Cancer Treatment Centers of America, to take one example, would enter the individual market. It would advertise and actively seek enrollees who have cancer. It would do that because CTCA would receive a premium for each patient that covers the expected cost of their care.
CTCA wouldn’t be alone. Other centers of cancer care excellence would also enter the market and actively seek patients. Costs would come down, quality would improve and access to care would get better – not because of government mandates but because of free market competition.
Could there be a real market for patients with cancer, diabetes, heart disease and other chronic conditions?
One already exists.
More than one-third of seniors on Medicare are participating In the Medicare Advantage program, which gives them access to private coverage – similar to the health plans employers offer. Seniors pay community rated premiums, and no one can be penalized because of a health condition – just like Obamacare. But unlike Obamacare, special-needs plans that attract high-cost enrollees receive risk-adjusted additions to the standard premium to cover the extra costs of their care.

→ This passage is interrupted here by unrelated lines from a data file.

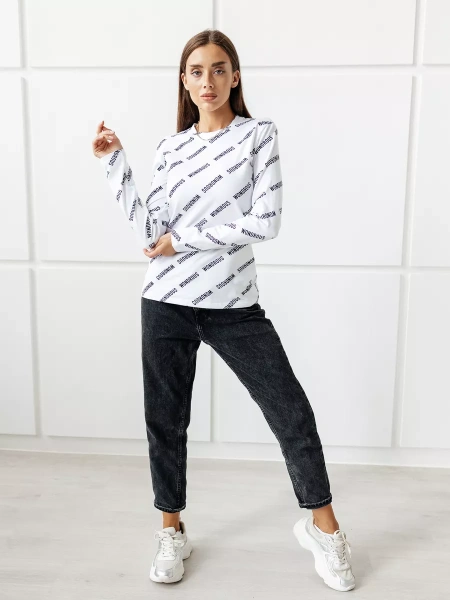 Лонгслив белый женский облегающий с принтом дк571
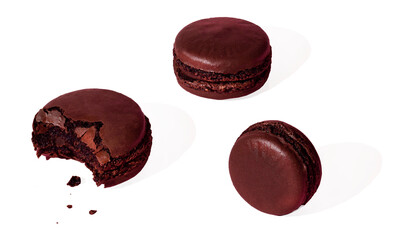 Chocolate macarons in invisible background png
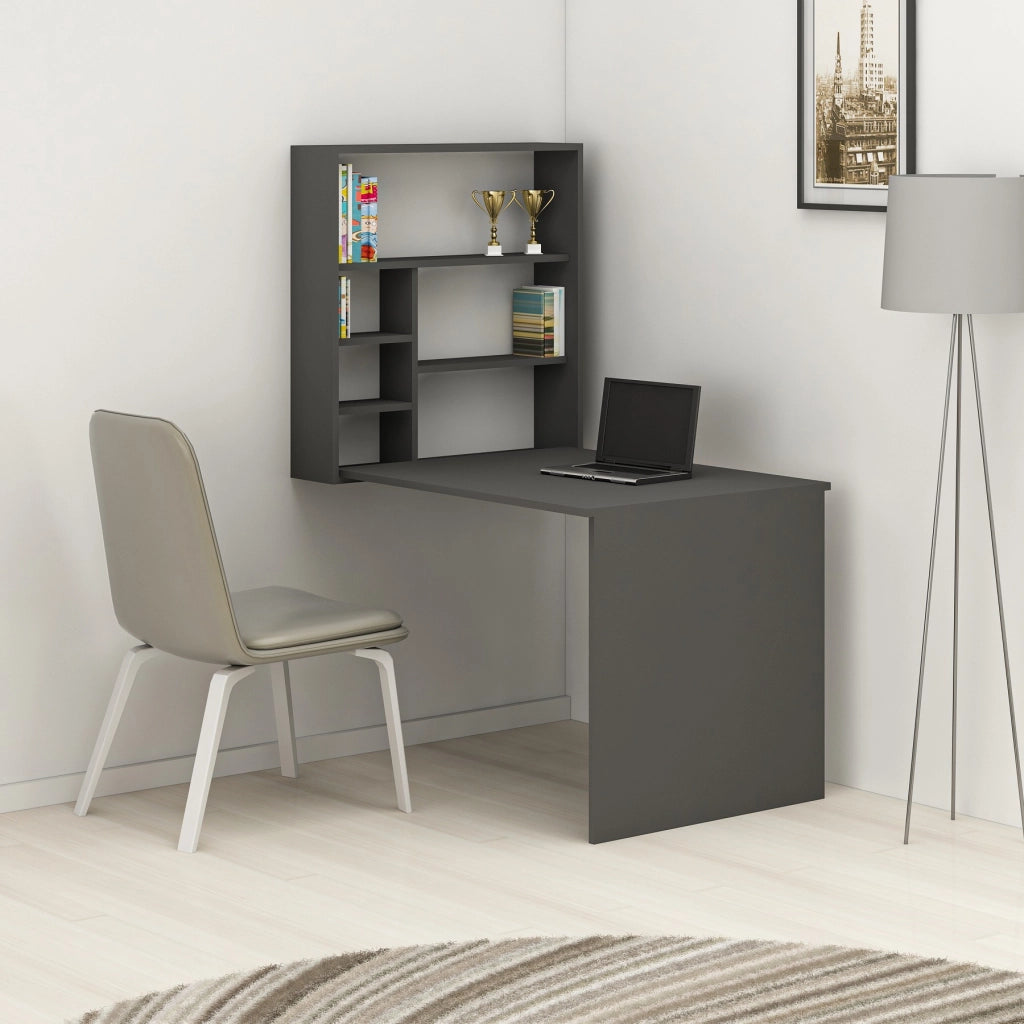 Scrivania in legno "Sedir" - 90 x 59 x 154 cm - Antracite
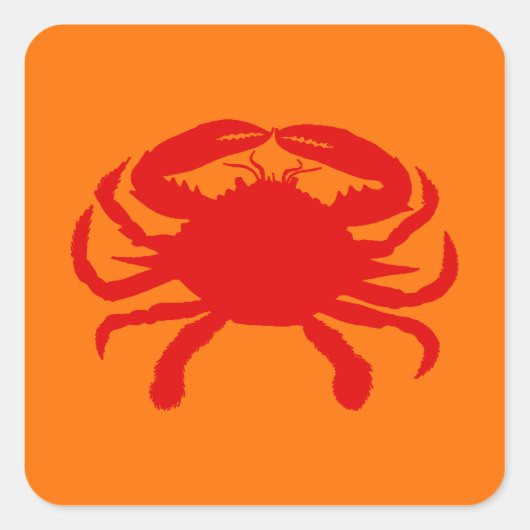 Sticker Carré Crabe Orange Rouge (Devant)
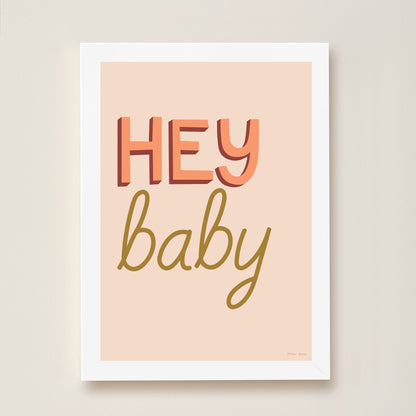 Hibou Design Hey Baby Art Print - Marron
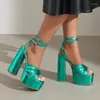 Sandales brillantes scintillantes vert or argent bout ouvert fête mariage chaussures d'été plate-forme sexy bloc talons hauts gladiateur femmes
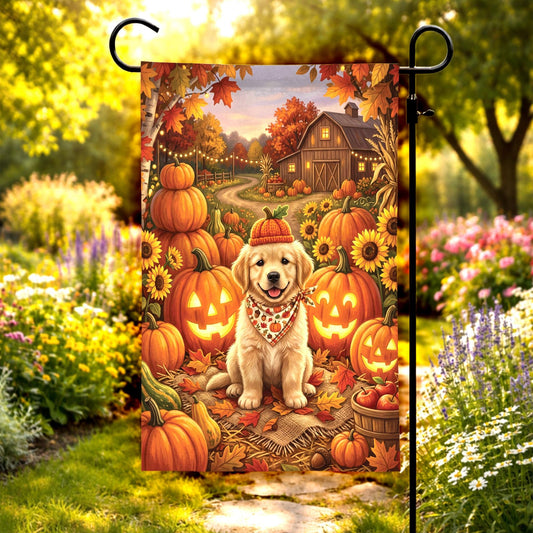 Golden Retriever Halloween Garden Flag – Jack O’ Lantern Pumpkin & Sunflower Fall Yard Decor, Farmhouse Autumn Outdoor Banner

As a result, health plans in this program actively seek out high-cost patients, instead of running away from them.
Risk adjustment in Medicare Advantage is done by Medicare itself. That means, it is done by the federal government. And like all government programs, it is far from perfect.
However, economist John Cochrane has shown how we can have market-based risk adjustment without government involvement and I have expanded on this idea in a Goodman Institute Brief Analysis. These ideas were actually incorporated in the Sessions/Cassidy health reform bill.
Some readers may wonder how the reforms proposed here fit in with the very common notion that there is too much greed in health care.
The greed that exists today is the wrong kind of greed. Today’s greed is directed at maximizing one’s take from third-party reimbursement formulas, avoiding sick people, shifting costs to sick people and denying them care.
Adam Smith would have understood all this. In almost every case, perverse incentives are created by unwise government regulations.